Datum uitspraak: 12 juni 2025
AFDELING
BESTUURSRECHTSPRAAK
Uitspraak met toepassing van artikel 8:54, eerste lid, van de Algemene wet bestuursrecht op het hoger beroep van:
de minister van Asiel en Migratie,
appellant,
tegen de uitspraak van de rechtbank Den Haag, zittingsplaats Amsterdam, van 8 januari 2025 in zaak nr. NL24.51093 in het geding tussen:
[betrokkene]
en
de minister.
Procesverloop
Bij besluit van 9 december 2024 heeft de minister betrokkene een vrijheidsontnemende maatregel opgelegd.
Bij uitspraak van 8 januari 2025 heeft de rechtbank het daartegen door betrokkene ingestelde beroep gegrond verklaard en schadevergoeding toegekend.
Tegen deze uitspraak heeft de minister hoger beroep ingesteld.
Betrokkene, vertegenwoordigd door mr. A.E.M. de Vries, advocaat in Amsterdam, heeft een schriftelijke uiteenzetting gegeven.
Overwegingen
1. De minister komt terecht op tegen het oordeel van de rechtbank dat het Justitieel Complex Schiphol (hierna: JCS) onder de omstandigheden ten tijde van de grensdetentie van betrokkene geen gespecialiseerde bewaringsaccommodatie meer was in de zin van artikel 10, eerste lid, van de Opvangrichtlijn en dat de tenuitvoerlegging van de grensdetentie daarom onrechtmatig is. De Afdeling verwijst naar haar uitspraken van 29 januari 2025, ECLI:NL:RVS:2025:258, en 26 februari 2025, ECLI:NL:RVS:2025:789. 1.1. De grief slaagt.

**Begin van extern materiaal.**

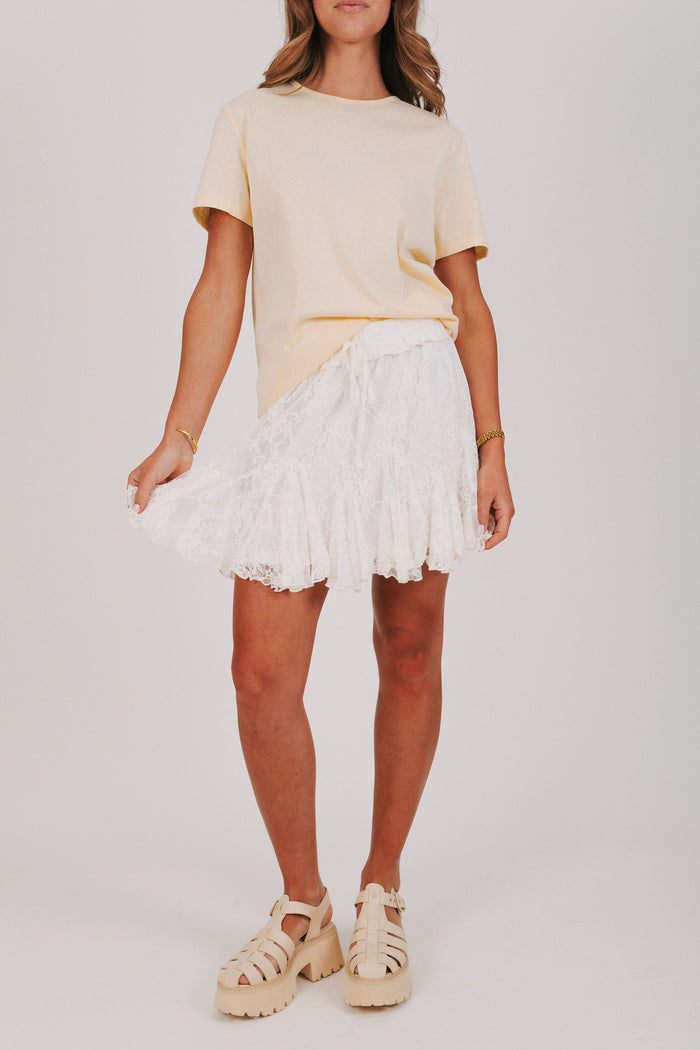 white lace mini skirt with ruffles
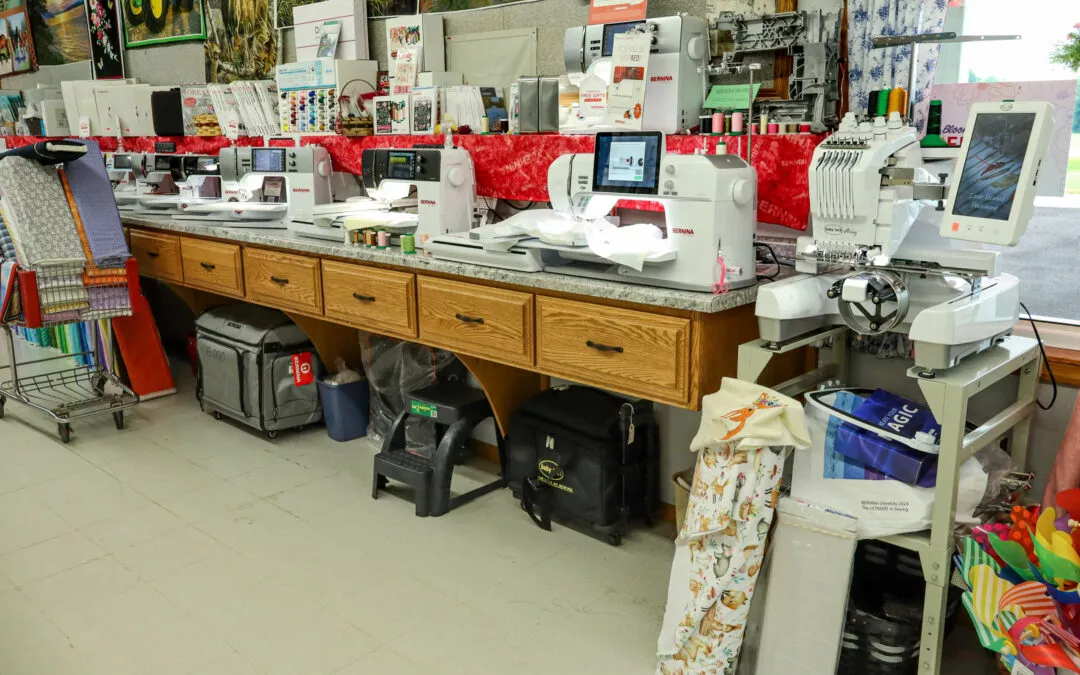 Brubaker's Sewing & Furniture Withee, WI A row of sewing and embroidery machines on a wooden counter in a craft store, with fabric and thread supplies nearby.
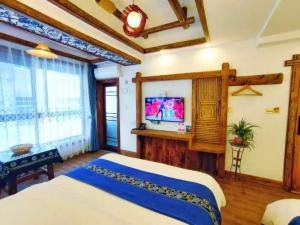 Un dormitorio con una cama y un televisor de pantalla plana. en Wuling Spring Inn, Yongding District, Zhangjiajie City, 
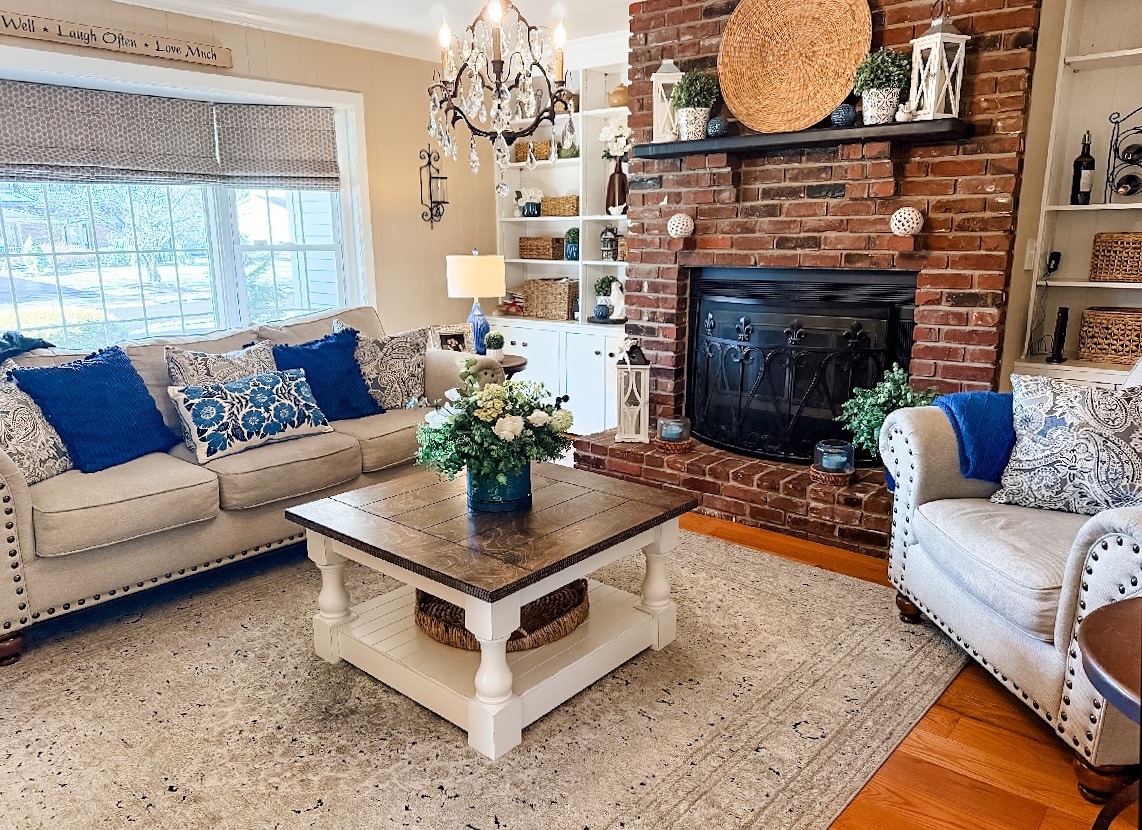 16. Coastal Farmhouse with Blue Accents - modern farmhouse living room ideas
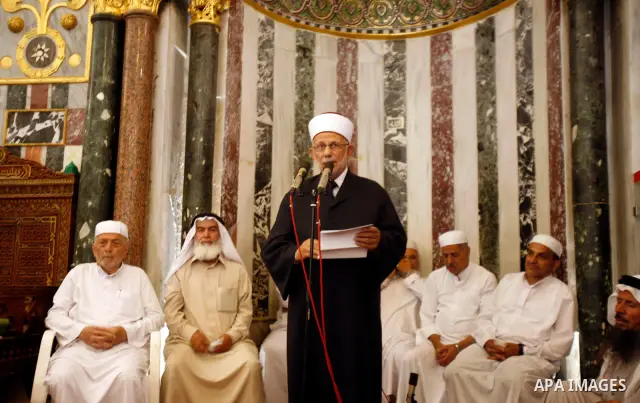 Islamic Singing choir take part in a celebration of the Islamic holiday of Isra Mi'raj in the Al-Aqsa mosque, in the Jerusalem old city, on June 17, 2012. The holiday marks what Muslims believe is Prophet Mohammad's jour...
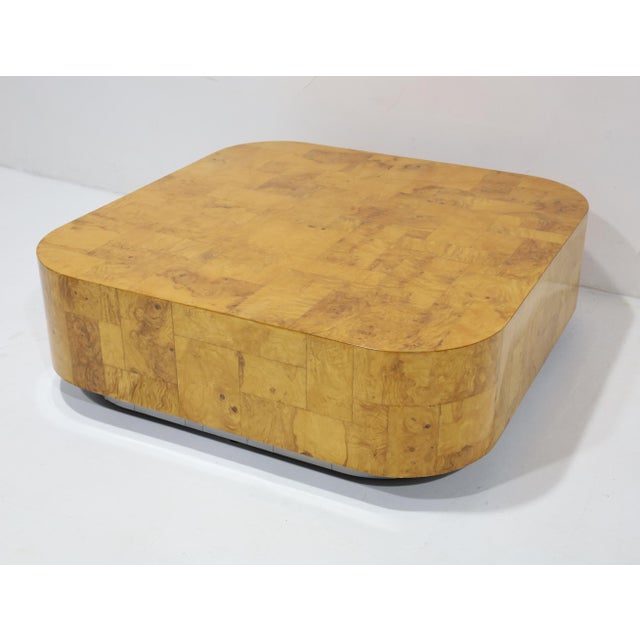 A substantial cocktail table designed by Paul Evans. Table is a patchwork burlwood resting on a brushed chrome platform...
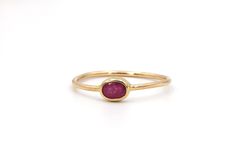 Minimalist, simple ruby solitaire ring using a recycled old oval cut ruby bezel set in a 14k yellow gold ring. Color may vary slightly based on the supply.   DM me for any customization requests.  Round version available https://rp.liu233w.com:443/https/www.etsy.com/listing/951442768/minimalist-rose-gold-ruby-ring-bezel-set Gemstone: Natural Ruby Cut: oval cut Weight: 1 = 0.33 cts estimated weight Measurements: 4.5 x 3.2 x 2.2 mm Color: pinkish red Clarity: eye visible inclusions Dimensions: 4.2 - 1.1 mm wide x  2.1 mm off the finger Finger Size: size 6 current in stock Metal: available in 14k rose gold, 14k white gold & 14k yellow gold (specify at checkout) Markings: none Weight 0.8 grams Condition Rating: 10 (new ring set with recycled old ruby) Gold Ruby Ring With Bezel Setting, Oval Cabochon, Oval Stackable Ruby Ring In Yellow Gold, Minimalist Oval Stackable Rings With Bezel Setting, Minimalist Gold Ruby Ring With Bezel Setting, Dainty Oval Ruby Ring In Gold, Dainty Gold Oval Ruby Ring, Classic Oval Stackable Ruby Ring, Classic Oval Ruby Ring Stackable, Minimalist Oval Ruby Ring For Anniversary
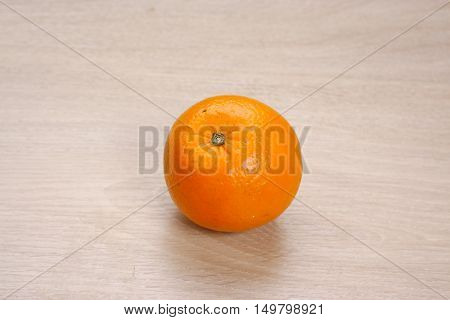 Fresh Orange fruit on a wooden background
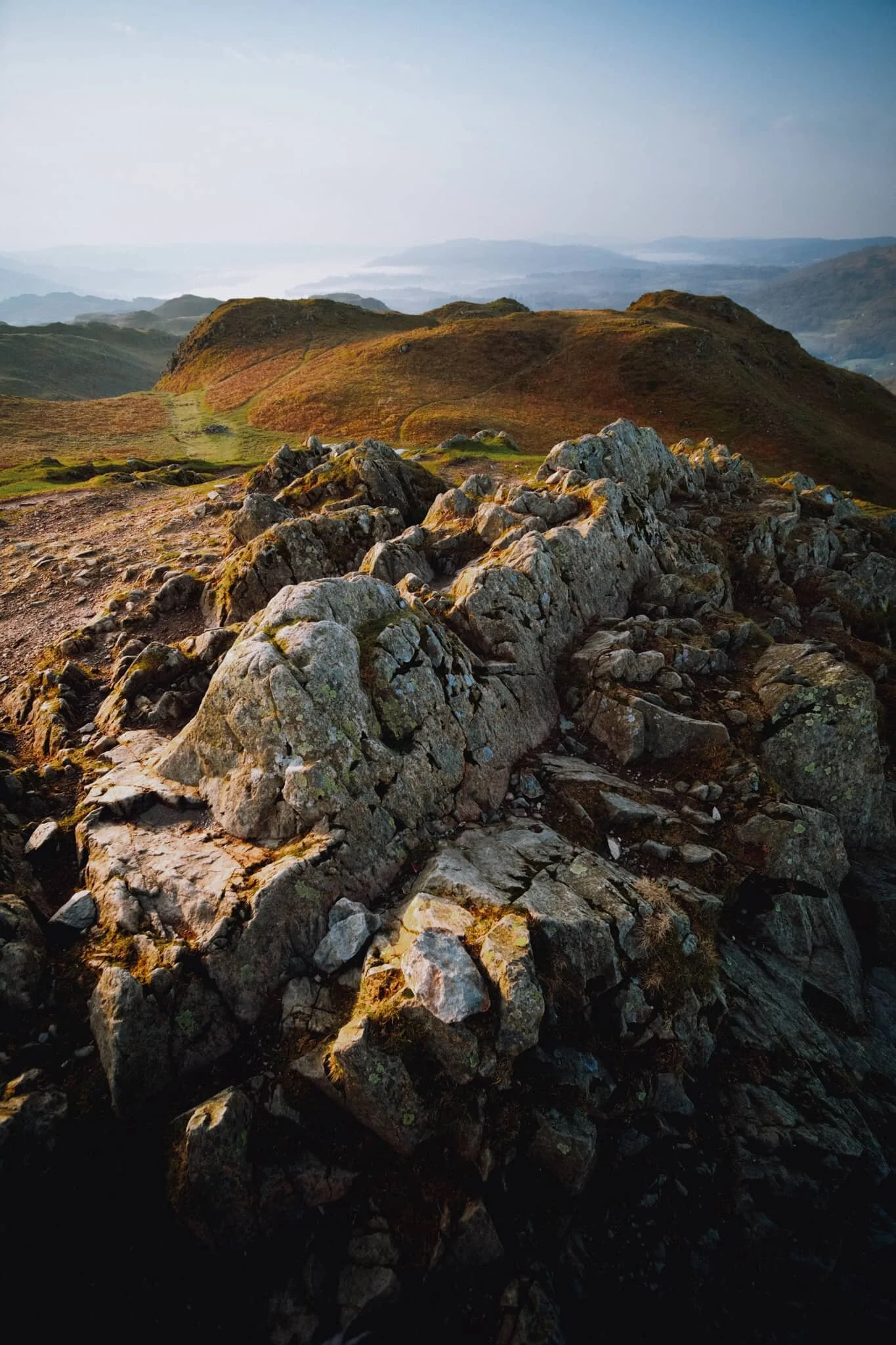  The summit of Loughrigg is wonderfully craggy. My ultra-wide 9mm lens was able to fill the frame with this crag and also take in the extensive view towards Windermere. 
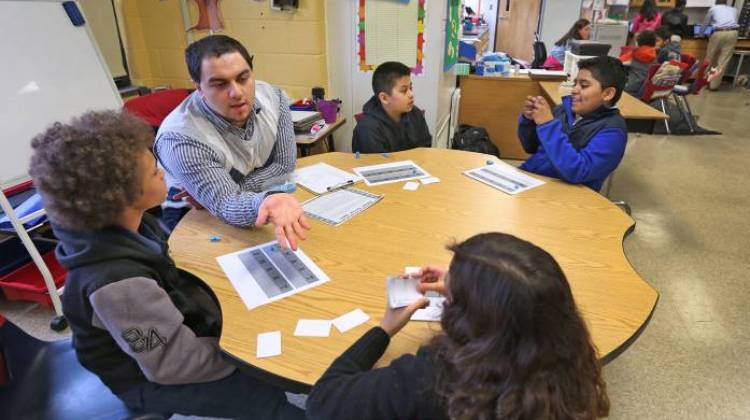 Fourth grade instructional aid Henry Velasquez works with students at Enlace Academy. More than half of the school's students are English learners. - Kelly Wilkinson / The Indianapolis Star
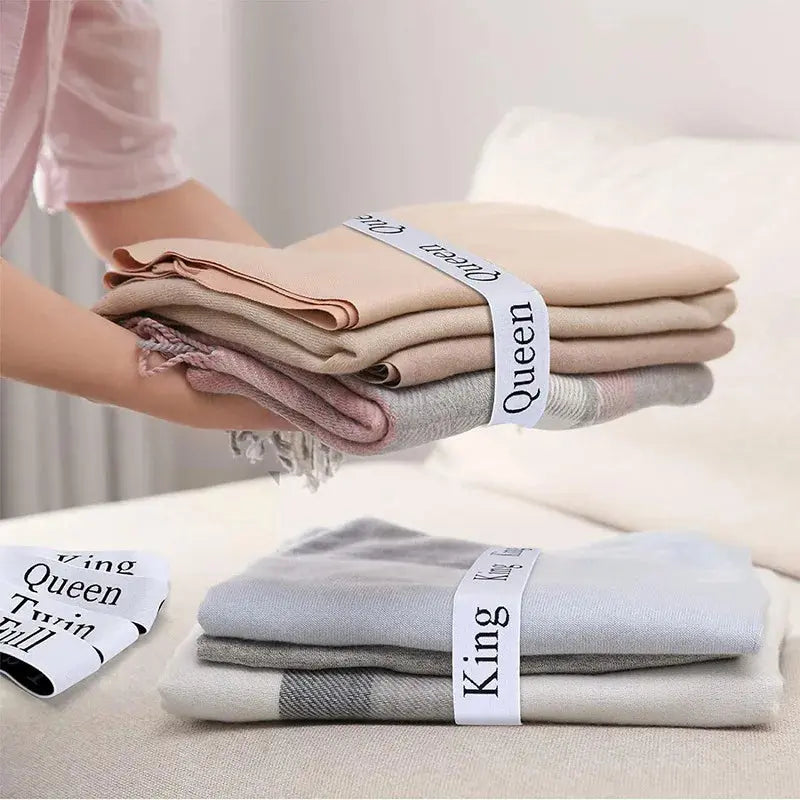 Labelled sheet bands in linen cupboard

2. Het hoger beroep is gegrond. De Afdeling vernietigt de uitspraak van de rechtbank en beoordeelt het beroep. Daarbij bespreekt zij alleen beroepsgronden waarover de rechtbank nog geen oordeel heeft gegeven en beroepsgronden waarop na de overwegingen in hoger beroep nog moet worden beslist.
3. Betrokkene betoogt dat de grensdetentie onrechtmatig is, omdat zij in het JCS geen adequate medische zorg heeft gekregen. Zij voert daarbij aan dat zij pas op de zevende dag van haar grensdetentie een dokter heeft gezien en dat zij alle medicatie die zij daarna kreeg dagelijks ’s ochtends voor haar ontbijt moest innemen, terwijl een deel van die medicatie niet op een nuchtere maag mag worden ingenomen.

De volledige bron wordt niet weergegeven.